# Problem requirements
After locating the line with "Building Photo - 3", reproduce that line and every one following it exactly, up to the end of the entries.

# Entries taken from a collection
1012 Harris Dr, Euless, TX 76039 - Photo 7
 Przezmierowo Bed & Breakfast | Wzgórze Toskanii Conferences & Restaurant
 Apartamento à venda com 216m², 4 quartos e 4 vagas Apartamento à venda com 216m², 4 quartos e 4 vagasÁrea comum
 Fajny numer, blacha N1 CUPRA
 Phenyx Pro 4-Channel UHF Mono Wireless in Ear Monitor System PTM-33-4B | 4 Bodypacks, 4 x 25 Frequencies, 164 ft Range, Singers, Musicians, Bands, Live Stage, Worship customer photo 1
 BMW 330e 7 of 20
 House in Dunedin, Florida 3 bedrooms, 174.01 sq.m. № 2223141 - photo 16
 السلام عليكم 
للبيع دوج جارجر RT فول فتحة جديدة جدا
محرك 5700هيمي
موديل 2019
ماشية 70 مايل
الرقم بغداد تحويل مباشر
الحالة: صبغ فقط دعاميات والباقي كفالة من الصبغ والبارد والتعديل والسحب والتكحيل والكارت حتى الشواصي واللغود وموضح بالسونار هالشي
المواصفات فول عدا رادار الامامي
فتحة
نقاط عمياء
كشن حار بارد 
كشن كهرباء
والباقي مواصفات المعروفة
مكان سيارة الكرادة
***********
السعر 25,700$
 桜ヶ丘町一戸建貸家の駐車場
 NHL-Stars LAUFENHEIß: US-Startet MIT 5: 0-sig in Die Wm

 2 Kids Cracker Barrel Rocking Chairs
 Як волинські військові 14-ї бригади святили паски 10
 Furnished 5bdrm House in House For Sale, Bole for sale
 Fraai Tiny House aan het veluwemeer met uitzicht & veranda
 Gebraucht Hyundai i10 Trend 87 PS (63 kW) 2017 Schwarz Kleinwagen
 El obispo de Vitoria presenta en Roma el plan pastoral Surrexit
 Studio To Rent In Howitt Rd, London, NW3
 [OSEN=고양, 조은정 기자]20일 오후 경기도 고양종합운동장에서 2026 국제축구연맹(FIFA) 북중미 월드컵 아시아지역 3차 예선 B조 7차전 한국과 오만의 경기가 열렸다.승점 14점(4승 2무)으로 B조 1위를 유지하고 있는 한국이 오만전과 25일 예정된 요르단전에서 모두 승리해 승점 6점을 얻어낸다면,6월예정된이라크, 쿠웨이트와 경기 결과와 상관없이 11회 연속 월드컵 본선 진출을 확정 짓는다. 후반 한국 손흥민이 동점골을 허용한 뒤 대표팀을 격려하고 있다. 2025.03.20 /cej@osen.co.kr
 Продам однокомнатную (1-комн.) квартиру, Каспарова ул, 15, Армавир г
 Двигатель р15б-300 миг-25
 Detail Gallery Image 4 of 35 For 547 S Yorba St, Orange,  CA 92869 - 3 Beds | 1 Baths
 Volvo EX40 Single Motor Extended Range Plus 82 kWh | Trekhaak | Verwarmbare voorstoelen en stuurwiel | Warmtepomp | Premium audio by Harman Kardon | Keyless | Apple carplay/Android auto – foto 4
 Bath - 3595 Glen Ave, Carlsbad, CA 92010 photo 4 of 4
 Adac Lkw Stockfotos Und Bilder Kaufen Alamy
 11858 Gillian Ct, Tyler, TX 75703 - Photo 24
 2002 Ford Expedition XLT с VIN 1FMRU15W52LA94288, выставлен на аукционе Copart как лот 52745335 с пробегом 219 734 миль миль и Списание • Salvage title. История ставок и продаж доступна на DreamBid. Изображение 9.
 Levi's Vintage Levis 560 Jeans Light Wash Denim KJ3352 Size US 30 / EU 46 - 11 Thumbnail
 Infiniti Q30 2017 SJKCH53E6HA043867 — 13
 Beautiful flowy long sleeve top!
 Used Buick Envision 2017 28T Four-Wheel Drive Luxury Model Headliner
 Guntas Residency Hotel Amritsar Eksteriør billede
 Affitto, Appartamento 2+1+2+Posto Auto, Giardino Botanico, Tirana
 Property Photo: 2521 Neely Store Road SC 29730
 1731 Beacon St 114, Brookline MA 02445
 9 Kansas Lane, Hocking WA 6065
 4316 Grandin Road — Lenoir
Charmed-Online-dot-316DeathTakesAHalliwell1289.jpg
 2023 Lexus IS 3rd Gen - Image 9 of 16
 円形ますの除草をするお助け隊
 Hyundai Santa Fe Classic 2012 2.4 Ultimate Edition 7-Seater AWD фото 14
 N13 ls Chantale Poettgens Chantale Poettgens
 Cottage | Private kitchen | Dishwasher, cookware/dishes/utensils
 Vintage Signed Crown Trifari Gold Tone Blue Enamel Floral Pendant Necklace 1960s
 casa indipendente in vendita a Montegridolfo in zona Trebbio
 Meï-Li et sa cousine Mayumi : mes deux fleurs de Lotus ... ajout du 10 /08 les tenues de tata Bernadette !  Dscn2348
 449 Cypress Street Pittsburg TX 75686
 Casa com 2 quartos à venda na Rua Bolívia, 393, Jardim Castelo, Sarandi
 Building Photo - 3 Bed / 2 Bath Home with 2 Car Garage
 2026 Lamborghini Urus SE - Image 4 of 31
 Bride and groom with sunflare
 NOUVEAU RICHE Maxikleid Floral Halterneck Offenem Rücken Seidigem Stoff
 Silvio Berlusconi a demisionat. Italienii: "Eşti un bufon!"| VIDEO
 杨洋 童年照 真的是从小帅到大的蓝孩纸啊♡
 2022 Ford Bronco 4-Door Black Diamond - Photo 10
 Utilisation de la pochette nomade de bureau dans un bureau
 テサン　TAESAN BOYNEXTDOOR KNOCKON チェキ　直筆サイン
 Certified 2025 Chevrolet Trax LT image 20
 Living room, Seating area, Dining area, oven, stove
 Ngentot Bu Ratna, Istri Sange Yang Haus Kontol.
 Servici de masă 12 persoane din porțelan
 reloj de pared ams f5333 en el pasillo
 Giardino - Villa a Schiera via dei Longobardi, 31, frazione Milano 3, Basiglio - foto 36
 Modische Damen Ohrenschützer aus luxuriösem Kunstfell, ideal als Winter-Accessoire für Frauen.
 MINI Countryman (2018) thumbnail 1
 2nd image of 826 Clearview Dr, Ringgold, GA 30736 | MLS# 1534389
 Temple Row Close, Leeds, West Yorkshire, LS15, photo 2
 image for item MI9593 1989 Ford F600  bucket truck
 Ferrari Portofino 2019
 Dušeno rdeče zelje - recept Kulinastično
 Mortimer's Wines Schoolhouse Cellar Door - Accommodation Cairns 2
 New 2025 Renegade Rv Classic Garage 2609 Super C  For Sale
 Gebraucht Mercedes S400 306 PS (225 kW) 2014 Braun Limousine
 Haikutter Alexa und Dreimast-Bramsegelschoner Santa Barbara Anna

# Expected output
 Building Photo - 3 Bed / 2 Bath Home with 2 Car Garage
 2026 Lamborghini Urus SE - Image 4 of 31
 Bride and groom with sunflare
 NOUVEAU RICHE Maxikleid Floral Halterneck Offenem Rücken Seidigem Stoff
 Silvio Berlusconi a demisionat. Italienii: "Eşti un bufon!"| VIDEO
 杨洋 童年照 真的是从小帅到大的蓝孩纸啊♡
 2022 Ford Bronco 4-Door Black Diamond - Photo 10
 Utilisation de la pochette nomade de bureau dans un bureau
 テサン　TAESAN BOYNEXTDOOR KNOCKON チェキ　直筆サイン
 Certified 2025 Chevrolet Trax LT image 20
 Living room, Seating area, Dining area, oven, stove
 Ngentot Bu Ratna, Istri Sange Yang Haus Kontol.
 Servici de masă 12 persoane din porțelan
 reloj de pared ams f5333 en el pasillo
 Giardino - Villa a Schiera via dei Longobardi, 31, frazione Milano 3, Basiglio - foto 36
 Modische Damen Ohrenschützer aus luxuriösem Kunstfell, ideal als Winter-Accessoire für Frauen.
 MINI Countryman (2018) thumbnail 1
 2nd image of 826 Clearview Dr, Ringgold, GA 30736 | MLS# 1534389
 Temple Row Close, Leeds, West Yorkshire, LS15, photo 2
 image for item MI9593 1989 Ford F600  bucket truck
 Ferrari Portofino 2019
 Dušeno rdeče zelje - recept Kulinastično
 Mortimer's Wines Schoolhouse Cellar Door - Accommodation Cairns 2
 New 2025 Renegade Rv Classic Garage 2609 Super C  For Sale
 Gebraucht Mercedes S400 306 PS (225 kW) 2014 Braun Limousine
 Haikutter Alexa und Dreimast-Bramsegelschoner Santa Barbara Anna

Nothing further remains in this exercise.